- EXERCISE OBJECTIVE:
Below are records with pictures in them. Output exactly the lines from the one with "My jewellery Groene" through the one with "Super Granny (White) Pillow by MrFaulbaum", both included, and leave every picture out; give only those lines.

- RECORDS FOR THIS EXERCISE:
|---|

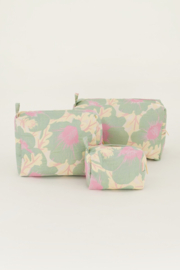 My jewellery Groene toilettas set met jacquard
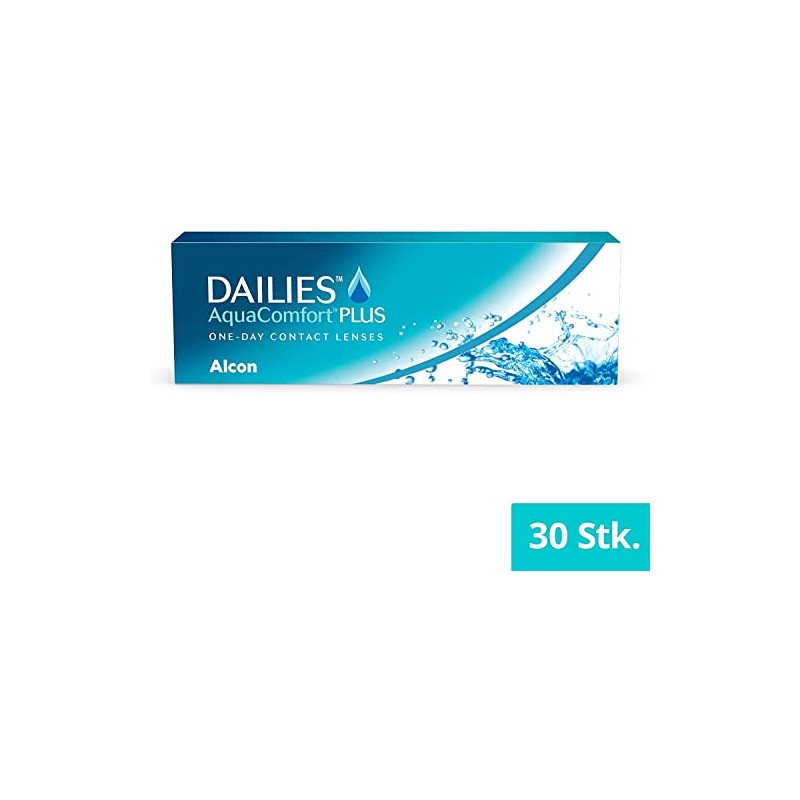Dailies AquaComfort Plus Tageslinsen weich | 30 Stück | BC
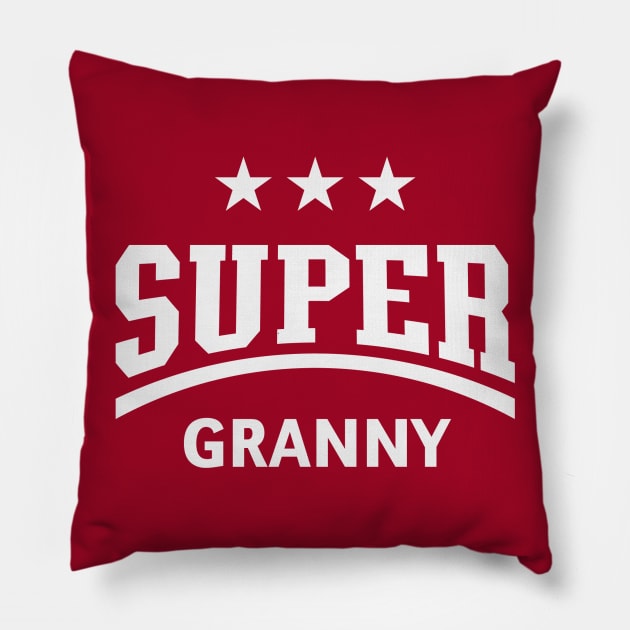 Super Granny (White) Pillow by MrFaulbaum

|---|

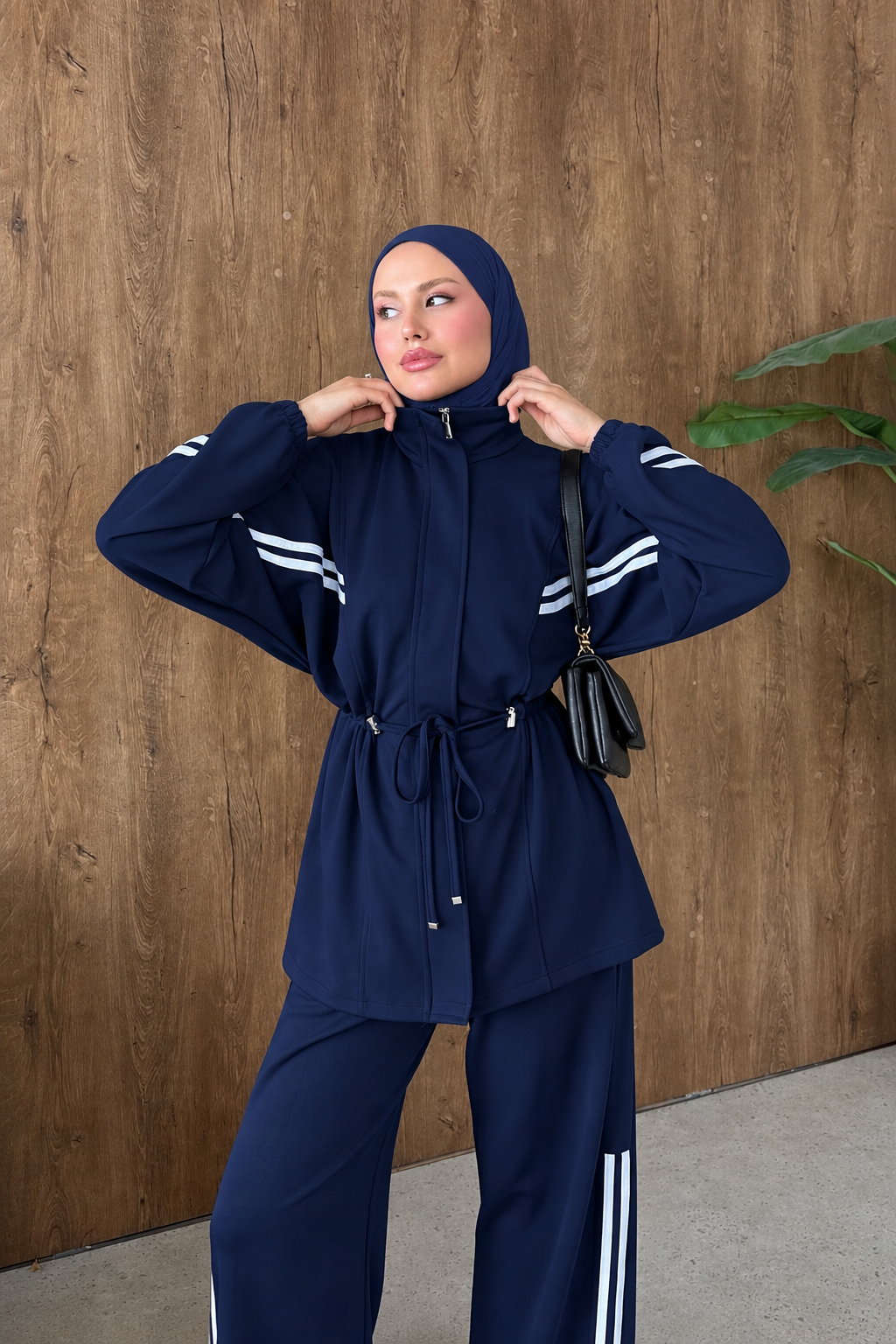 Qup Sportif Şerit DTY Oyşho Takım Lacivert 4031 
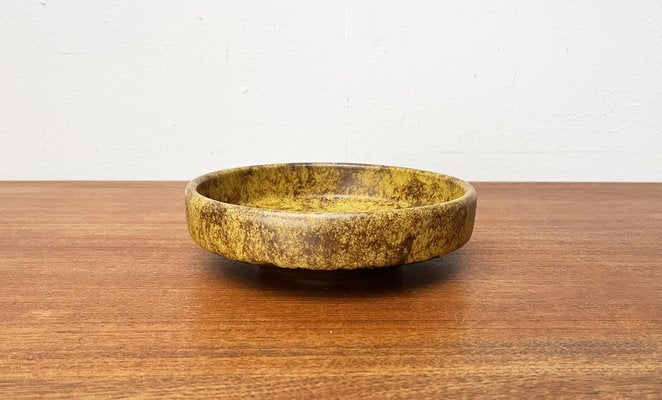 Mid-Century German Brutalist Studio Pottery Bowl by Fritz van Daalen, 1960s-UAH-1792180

|---|

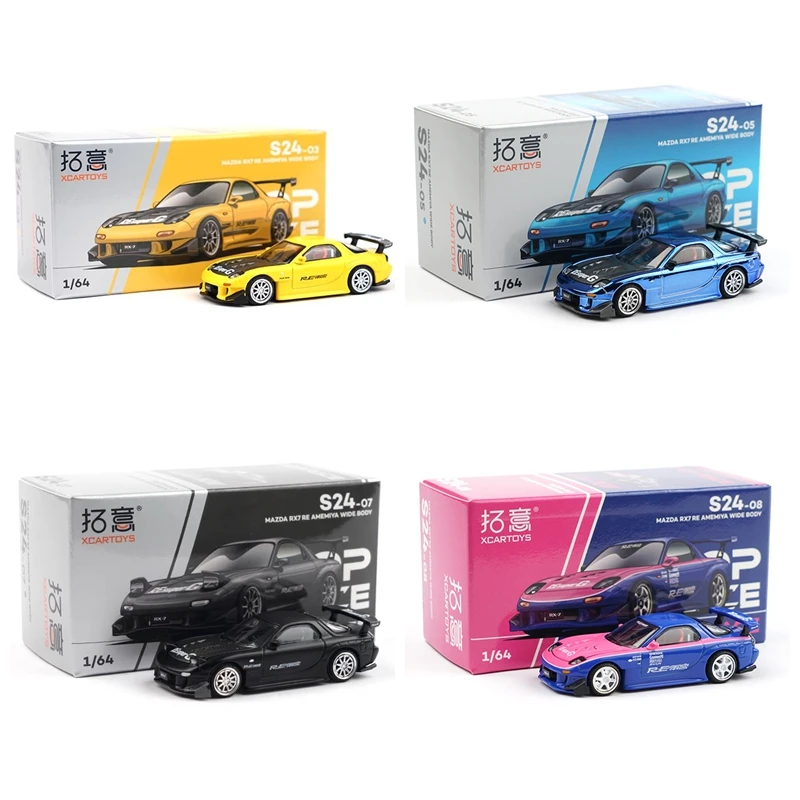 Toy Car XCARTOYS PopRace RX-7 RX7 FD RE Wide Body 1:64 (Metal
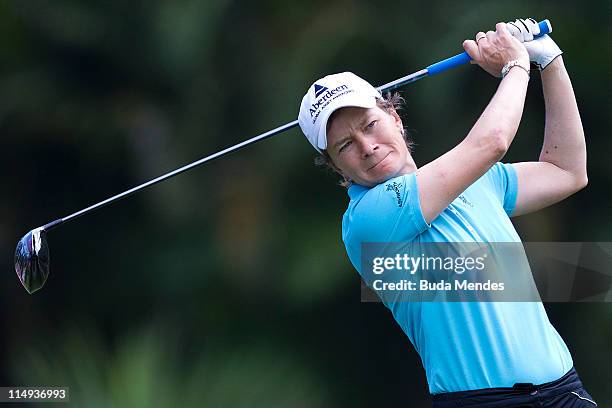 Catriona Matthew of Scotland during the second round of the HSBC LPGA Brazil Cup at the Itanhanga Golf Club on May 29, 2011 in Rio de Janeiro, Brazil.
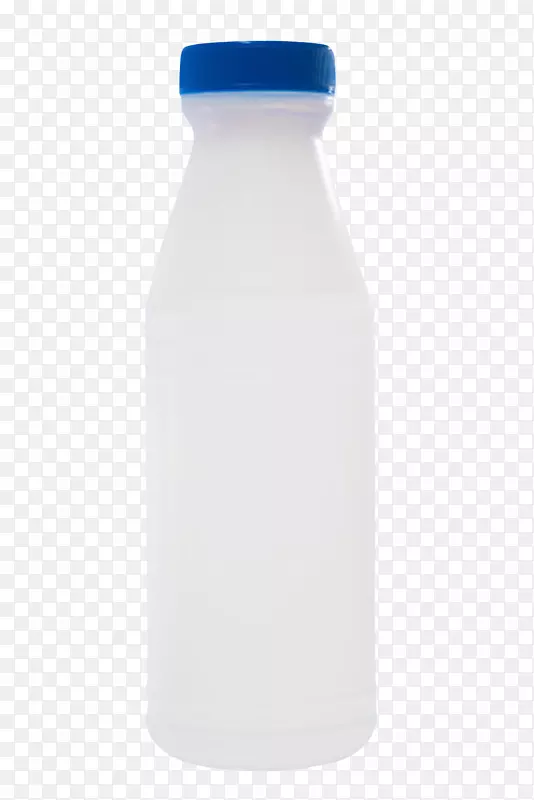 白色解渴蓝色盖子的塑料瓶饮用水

|---|

- EXERCISE OUTPUT:
 My jewellery Groene toilettas set met jacquard
Dailies AquaComfort Plus Tageslinsen weich | 30 Stück | BC
 Super Granny (White) Pillow by MrFaulbaum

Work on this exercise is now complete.